Mathias Huber: Im Zentrum der Kampagne stehen der Drang, etwas zu verändern, und unsere Kolleg:innen, die authentisch das McKinsey-Wertversprechen mit Leben füllen. Neun relevante Themen zur Konkretisierung unseres "Change it." –Moments sind für den Start der Kampagne entstanden – und bieten ein Fundament, das wir natürlich mit zusätzlichen Themen erweitern möchten. Die Kampagne wird uns deshalb die nächsten Monate und Jahre begleiten und bietet uns die Möglichkeit, die Vielfalt unserer Firma auf unterschiedlichste Art zu zeigen.

Wo sehen Sie die größten Unterschiede zur alten McKinsey-Kampagne?

Sascha Lehmann: Der größte Unterschied ist sicherlich, dass wir mit echten Kolleg:innen für die Kampagne gearbeitet und damit der Kampagne ein authentisches Gesicht verliehen haben. Hinter jedem Motiv steckt eine echte Kollegin oder ein echter Kollege und spricht über die ganz persönlichen Leidenschaften, Erfahrungen und den eigenen "Change-it"-Moment. Uns war es ein besonderes Anliegen, mit der "Change it"-Kampagne hervorzuheben, welchen Unterschied jede:r Einzelne bei uns macht.

Wir arbeiten an den wichtigsten Themen unserer Zeit und bringen im Team gemeinsam mit unseren Klienten Wandel und Veränderung voran. Denn was uns mit unserer Zielgruppe vereint - unser gemeinsamer Purpose, ist der Wille und die Lust zu gestalten. Deshalb versprechen wir: McKinsey beschleunigt deine Gestaltungsfähigkeit in der Welt und die Entwicklung deiner Persönlichkeit.

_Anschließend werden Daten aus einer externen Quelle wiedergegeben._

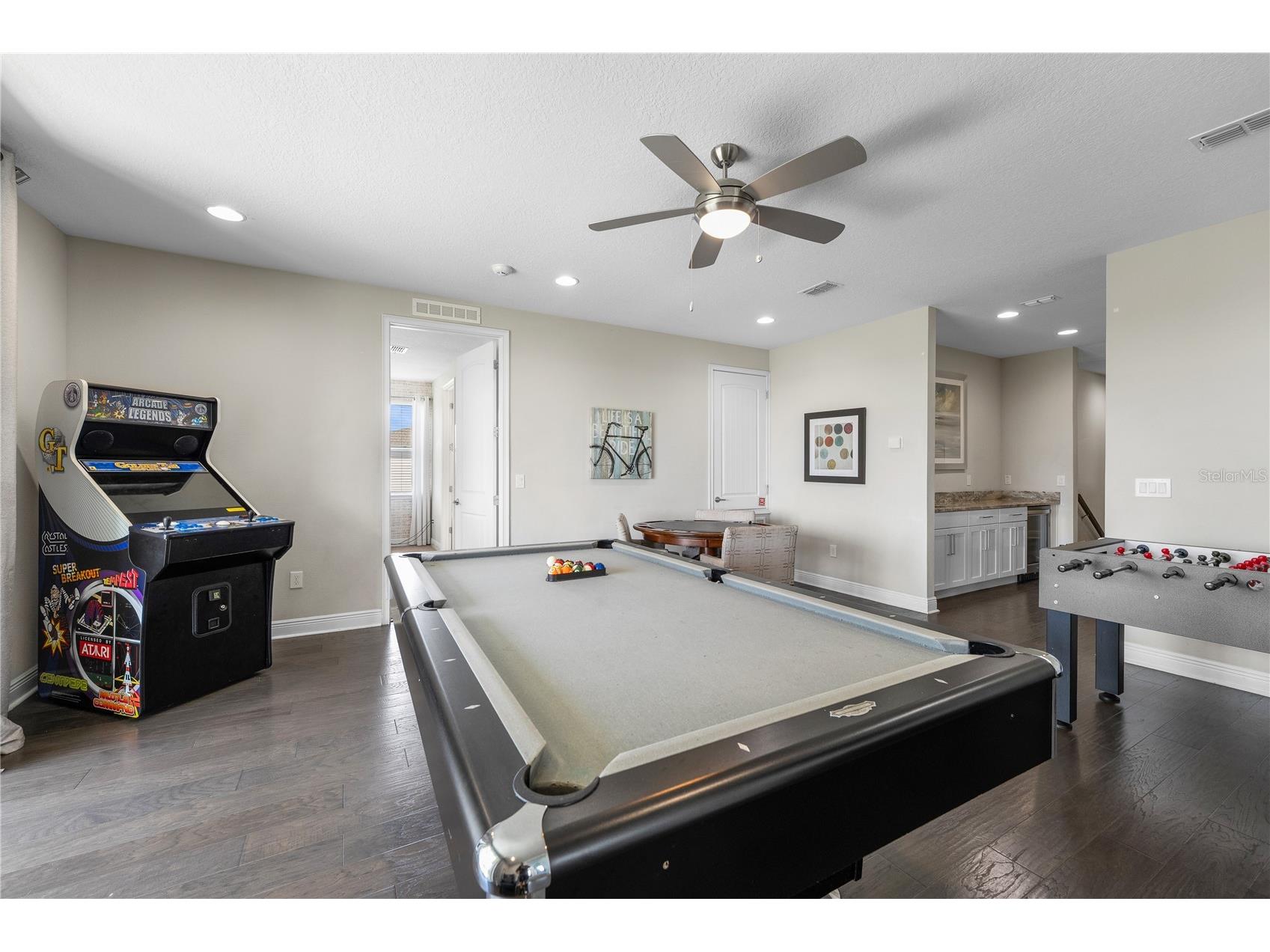 7664 Fairfax Drive Kissimmee FL 34747 O6379752 image44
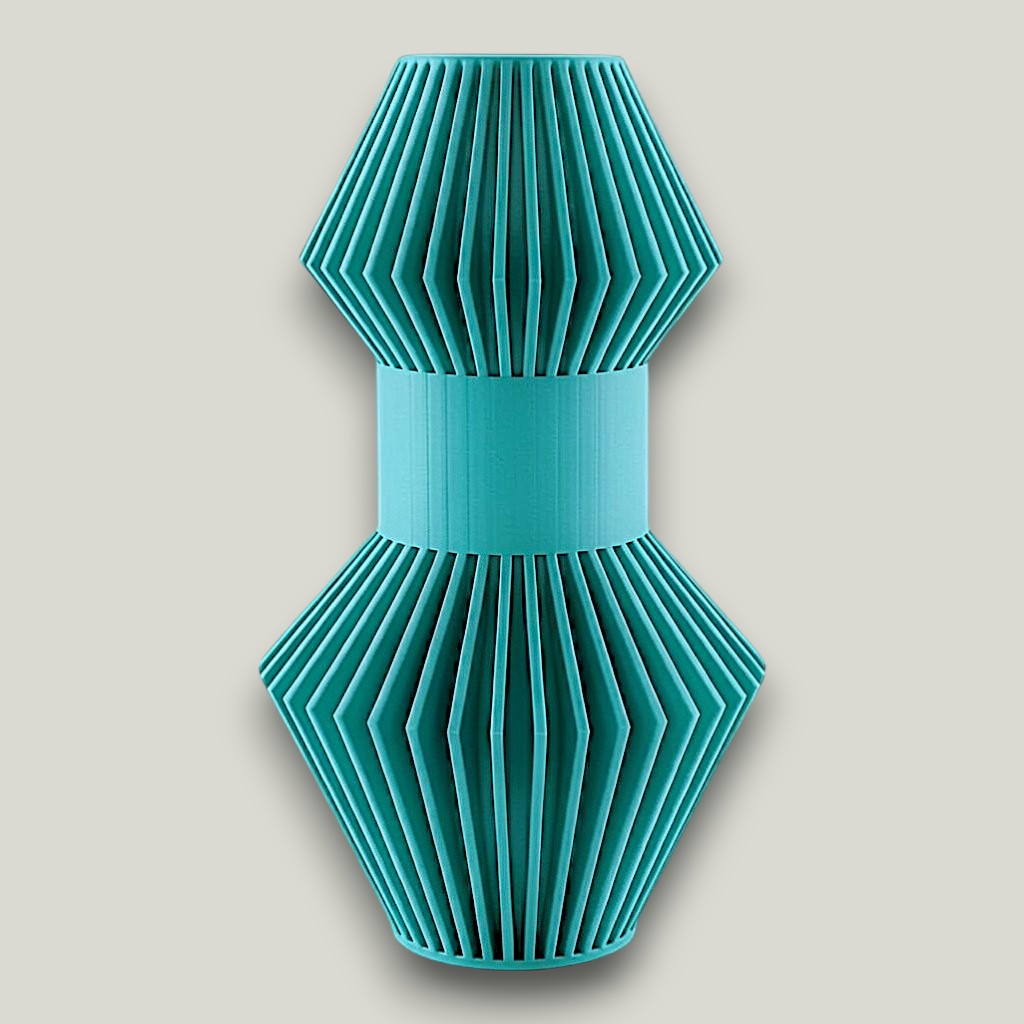 Anter Vase – by Modern Machine
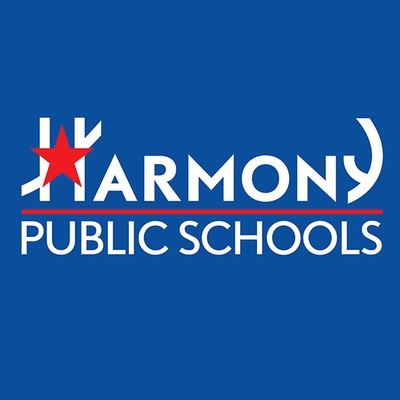 District Logo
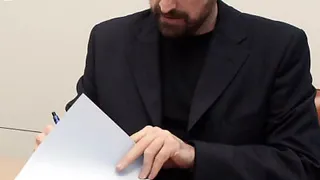 El Real Madrid renueva a Joan Plaza hasta 2008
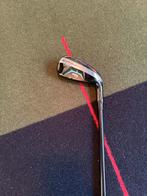 Taylormade GAPR 3 Hybrid Golfclub, Sport en Fitness, Golf, Ophalen of Verzenden, Gebruikt, Club, Overige merken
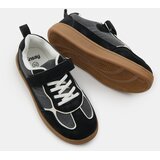 Sinsay Tenisice na Čičak s Elastičnim Vezicama | shoptok.hr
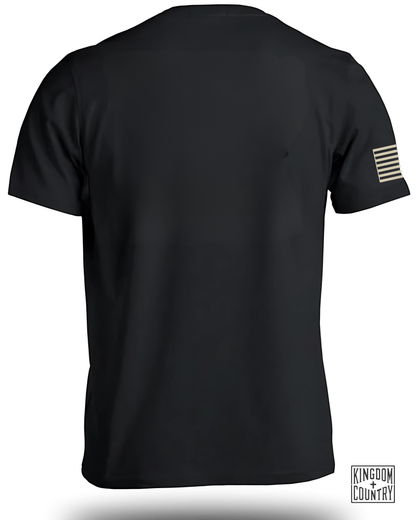 UNAFRAID T-Shirt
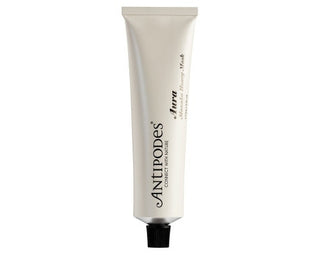 Antipodes Manuka Honey Mask Aura 15mL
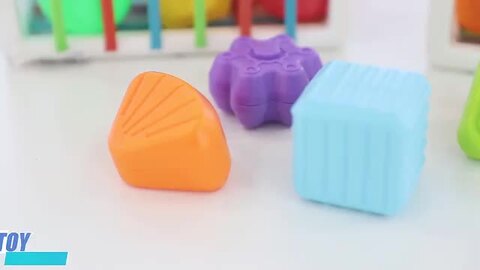 おもちゃ 知覚玩具 認知症 モンテッソーリー ブラウン ぬいぐるみ ベビー おもちゃ 赤ちゃん ぬいぐるみ 動物 アニマル 歯固め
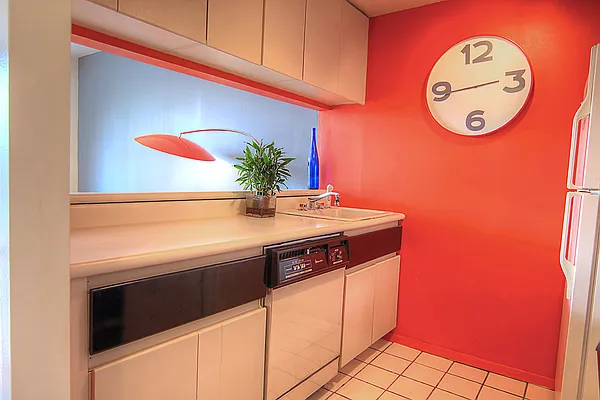 Sold by Brown Harris Stevens | media 11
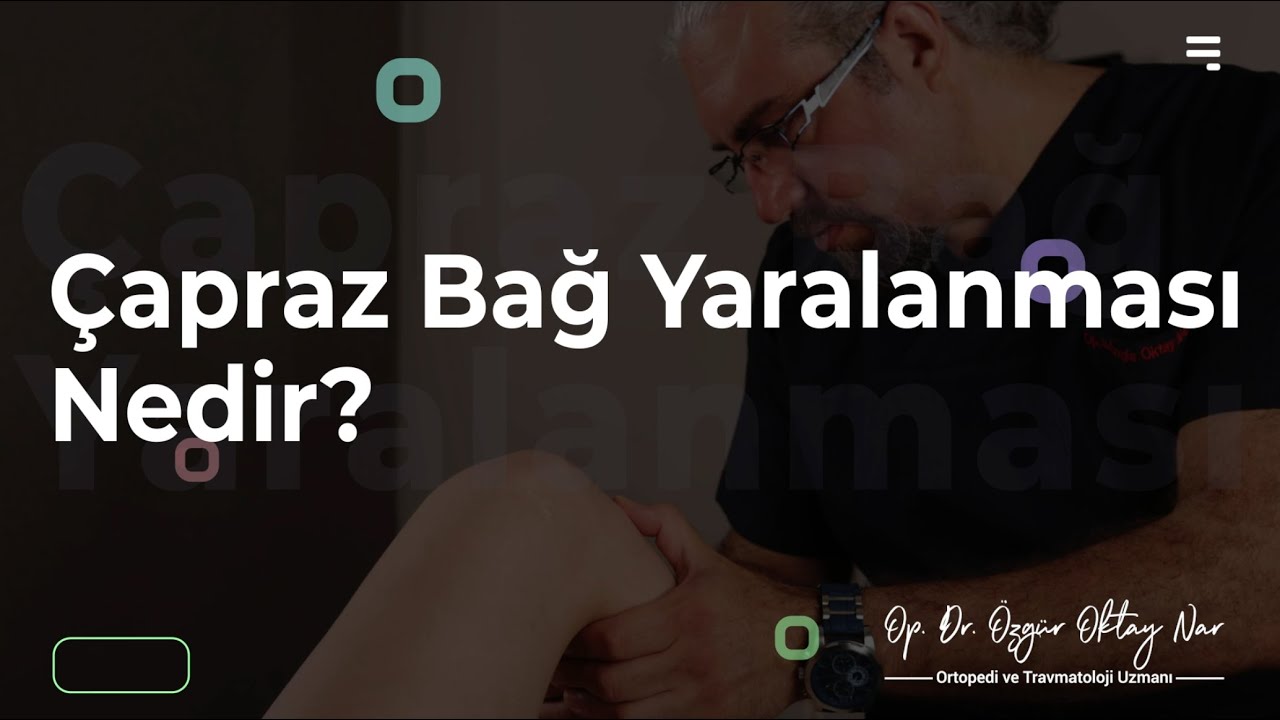 Özgür Oktay Nar-10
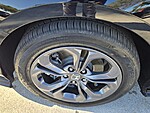 Used 2024 Honda Accord Hybrid EX-L in DAVIE, FLORIDA (Photo 9)
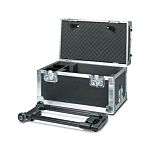 Phoenix Contact Printer Case for use with Thermomark Roll X1 Printers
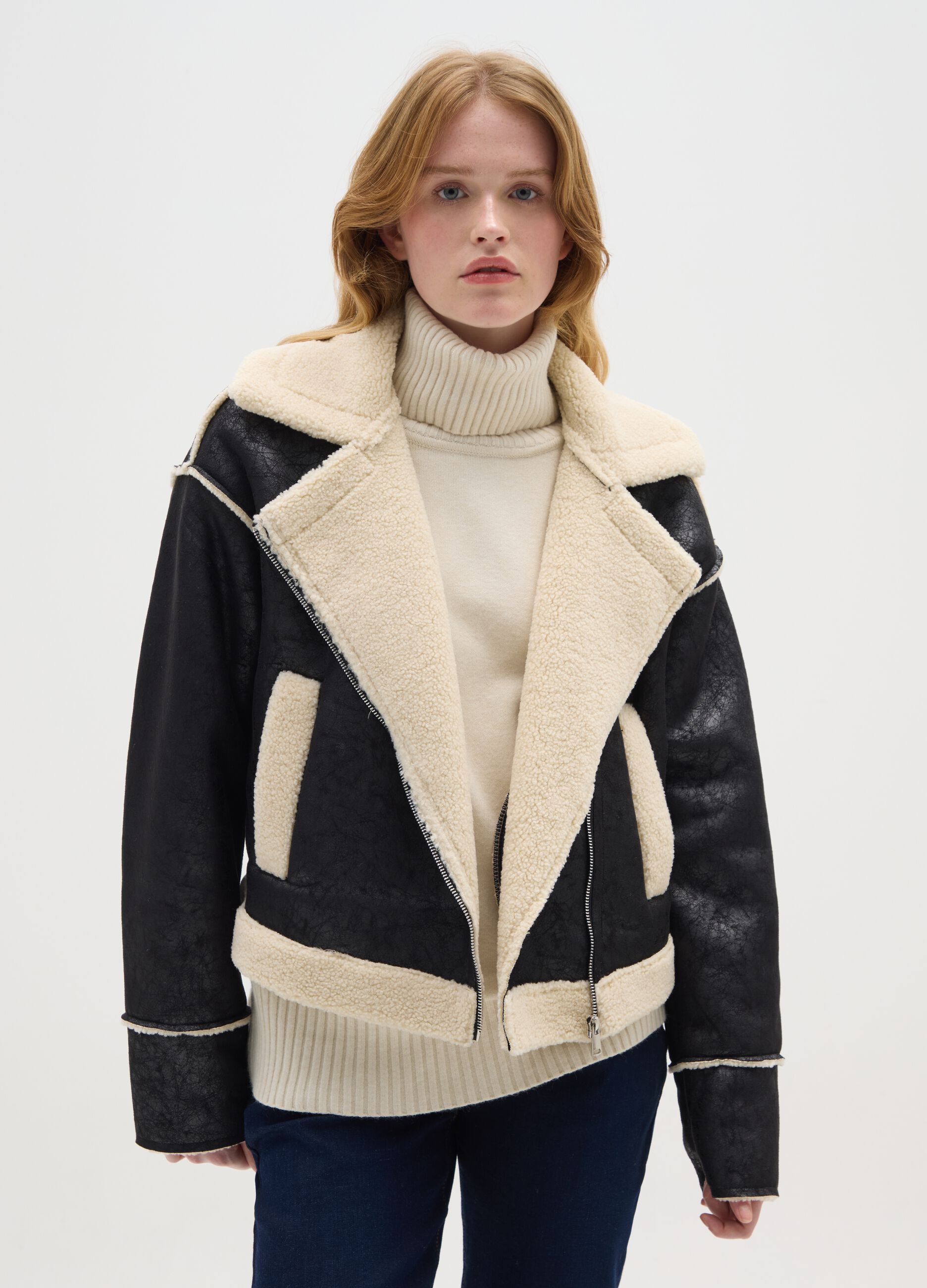 Loading img product 1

Unsere frühere Kampagne hat eher abstrakt unsere Werte vermittelt. Das Ziel der neuen Kampagne ist es vor allem, die Persönlichkeit und den Purpose unserer Firma zu zeigen und unsere Berater:innen sichtbar zu machen. Es geht um Teamwork, Diversität, Verantwortung. Und es geht um Förderung, Flexibilität und Wissensaustausch – Angebote, die für uns selbstverständlich sind, die uns aber im Markt deutlich vom Wettbewerb abheben.

Wie charakterisieren Sie die drei Archetypen und was bedeutet das für die Kampagnenstrategie?

Sascha Lehmann: Unsere Archetypen bieten uns für das Storytelling eine Basis, um unsere Rolle im Umfeld anderer attraktiver Arbeitgeber zu definieren und um relevante Geschichten zu erzählen können. Im klassischen Employer Branding würde man dies "Markenpersönlichkeit" nennen. Die drei Archetypen sind Der Weise, Der Held und Der Schöpfer. Das Konzept der Archetypen stammt ursprünglich aus der Persönlichkeitspsychologie – wir nutzen dieses Konzept auch in unserer Klientenbasis, zum Beispiel bei der Entwicklung von Purpose Statements und -Narrativen.

Der Weise steht für Wahrheit, Weisheit und Wissen. Wissen und Know-how sind der Kern von McKinsey und die Basis für unsere Beratung bei der Lösung von vielfältigen Managementproblemen. Der Held steht für Mut, Leistung und Erfolg und symbolisiert das Durchhaltevermögen, den Mut und die Hartnäckigkeit von McKinsey, um Themen nachhaltig voranzubringen.

Allerdings bleibt McKinsey als Held und Weiser lieber im Hintergrund, da deren Bedeutungshorizont, wie wir auf Basis von Marktforschung herausgefunden haben, bereits sehr prominent in der Wahrnehmung von McKinsey bei Absolventen verankert ist. Der Schöpfer steht für die Themen Innovation, Wissen und Freiheit. Durch die Kombination dieser Eigenschaften bringen wir die Rolle von McKinsey als Impact Partner, der gemeinsam mit unseren Klienten "Change that matters" ermöglicht zum Leben. Dabei unterscheiden wir uns durch unsere Herangehensweise und unsere Ressourcen auf diesem Feld von anderen Wettbewerbern.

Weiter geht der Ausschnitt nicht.